Tuesday, September 24, 2013

Zombie Alert! (How Government Secrecy Seduces Congress to Support War)

Rep. Thomas Massie
I saw Rep. Thomas Massie (R, KY) on TV last night and he gave a convincing explanation of why Congress always ends up supporting the President's wars.

During a segment on the Campaign for Liberty Conference on the Russian news channel RT -- the irony of which I will address in some future blog post! -- they showed a clip of Massie explaining how it works:
Step 1: Members of Congress get constituent input telling urging them to vote against war.

Step 2: The member lets it be known that s/he is a "no" or "leaning no."

More on Congressional
zombies and permawar
Step 3: The administration pulls them into a classified briefing.

Step 4: The member turns into a zombie and votes the way the administration wants.

The Ellsberg Connection

This dovetails closely with the description provided by the heroic whistleblower Daniel Ellsberg in the film The Most Dangerous Man in America. In the film, Ellsberg recounts his advice to Henry Kissinger, when Kissinger first went to work at the Nixon White House. Ellsberg hold him that he would be receiving classified briefings, and that a four-step process would ensue:
First, he would feel exhilaration -- to have access to all this "inside" information.

Second, he would feel foolish -- realizing how little he had known all along.

Third, he would begin to view everyone else as fools -- because they don't have the classified briefings.
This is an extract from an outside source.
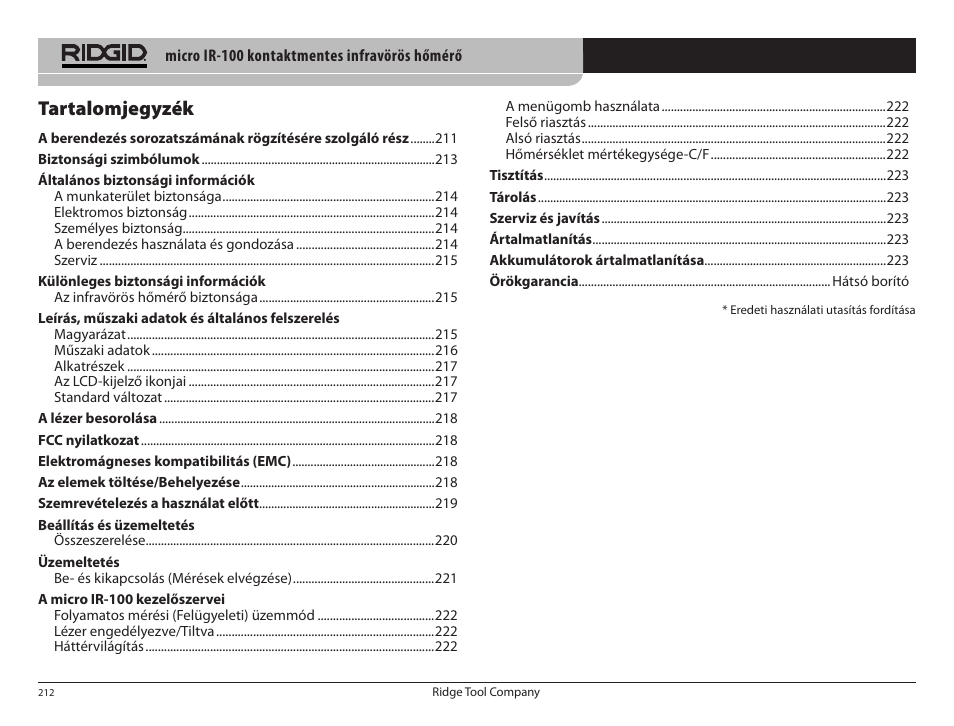 Tartalomjegyzék | RIDGID micro IR-100 User Manual | Page 214 / 312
Fourth, you stop listening.
It was startling to me to hear this at the exact moment the Syria debate was going on, and the administration was starting its arm-twisting in Congress.  For instance, on September 5, I listened to Sen. Diane Feinstein (D, CA) speaking to the press, and explaining that, yes, her constituents were "overwhelmingly negative" about military intervention in Syria, but "they don't know what I know; they haven't heard what I heard" -- i.e. they didn't have the inside scoop that she had because of classified briefings.

Even members of Congress who are critical of the Administration and highly analytic don't seem to fully grasp that it's not enough for the sharing of information to stop with Congress. Take, for instance, the New York Times op-ed "On Syria Vote, Trust, But Verify" by Rep. Alan Grayson (D, FL): his demand for full disclosure is valid ("We have reached the point where the classified information system prevents even trusted members of Congress, who have security clearances, from learning essential facts, and then inhibits them from discussing and debating what they do know. And this extends to matters of war and peace, money and blood. The 'security state' is drowning in its own phlegm.") but he gives the impression that it's enough that he and other members of Congress are fully briefed ("I need to know all the facts").
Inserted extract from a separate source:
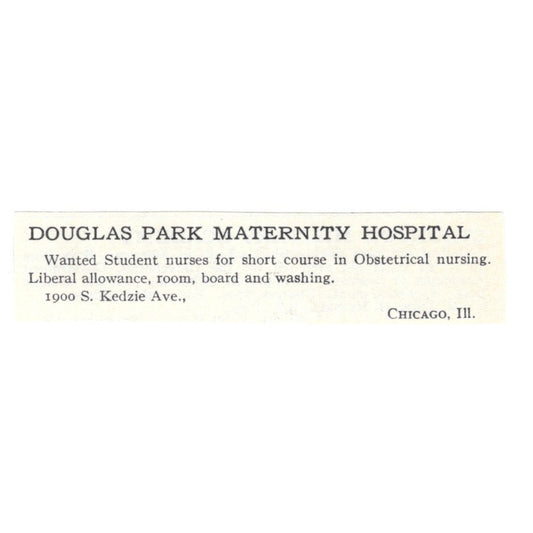 Douglas Park Maternity Hospital Chicago IL 1924 Magazine Ad AD8-O9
The U.S. government is addicted to secrecy, and that feeds its addiction to permawar. The only solution is to get the information into the hands of the people.


Related posts

A person may not feel that s/he is another Daniel Ellsberg ... or Paul Revere ... or Otto and Elise Hampel ... or Ai Weiwei ... or Bradley [Chelsea] Manning. But these are heroes we can aspire to emulate.
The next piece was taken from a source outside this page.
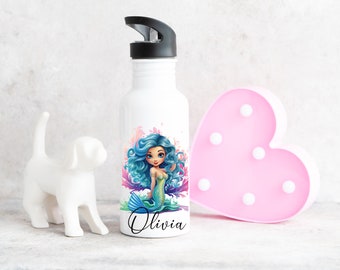 Personalised Mermaid Kids Water Bottle, Any Name Straw Bottle, Stainless Steel School Water Bottle 600ml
(See I am (I will become) Bradley Manning )








The Gospels are full of provocations to confront this paradox: people are forever saving up and guarding against a future that is never going to come, while throwing away the present that they do have. ("You fool! This very night your life will be demanded from you. Then who will get what you have prepared for yourself?" Luke 12:20)

(See Edward J. Snowden: The 365-Day Man )



Edward J. Snowden has forced us to confront what we all knew already: our government is running wild and we can't get our privacy back, short of some kind of very extreme change . . . . We have a problem with our government. It sees opportunities for power in every bit and byte of our personal data, and it's time to call it what it is: wrong.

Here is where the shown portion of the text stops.